Une sacrée réussite, vive et inspirée, impeccablement rythmée où les petits désaccords de nos chers mariés sont d’autant plus attachants que leurs deux interprètes sont constamment au diapason. Vive les remariés !
Image
On retrouve ici manifestement la même restauration que pour l’éditeur américain Criterion. Soit un nouveau master conçu à partir d’un scan 4K d’un double nitrate et de différentes sources positives (les négatifs du film sont considérés comme définitivement perdus). L’ensemble a été nettoyé de fond en comble débarrassant l’image du moindre tremblement, segments manquants ou taches et autres griffures. Le résultat est forcément admirable, pointu avec une remise en avant des matières, du grain et des argentiques. On note cependant toujours quelques fluctuations des enchainements de transition et d’autres photogrammes plus flous ou neigeux. De menus défauts à cotés du petit miracle environnant.
Son
Performance équivalente pour les deux monos en présences. Là aussi un vrai rafraichissement a été effectué avec pour la version originale une restitution étonnement claire et ferme, et pour le doublage une distance plus marquée mais un écho typique de l’époque.
Interactivité
Retour du Mediabook pour un film du patrimoine mondial chez Wild Side Video. L’objet est magnifique avec un superbe visuel de couverture et toujours le livret piqué dans la reliure avec ici un ouvrage sur les coulisses signé Frédéric Albert Lévy.

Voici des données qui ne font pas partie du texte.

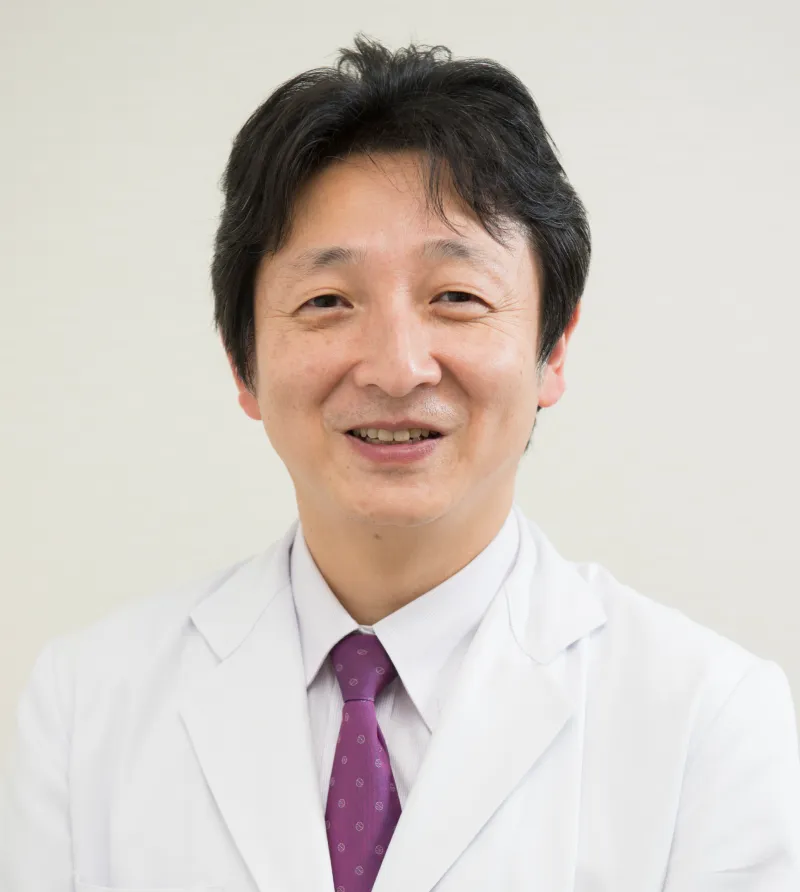 佐々木治一郎氏写真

Sur le disque bluray proprement dit, on découvre aussi deux suppléments vidéos enregistrés par Charlotte Garson de l’équipe des Cahier du cinéma. Dans le premier elle prend à cœur de redonner plus de visibilité à l’œuvre de Leo McCarey en revenant sur sa carrière et son style, alors que dans le second elle se consacre directement à Cette sacrée vérité. Une analyse de sa mécanique de la comédie, de sa vision du couple et de sa construction sémantique qui souligne une fois encore la richesse du ce petit bijou de drôlerie.
Liste des bonus
Le livret inédit « Je te quitte… Moi non plus » rédigé par Frédéric Albert Lévy (50 pages), « Leo McCarey ou le timing parfait » par Charlotte Garson, rédactrice en chef adjointe des Cahiers du Cinéma (22’), « Qui gardera le chien ? » : analyse du film par Charlotte Garson (32’).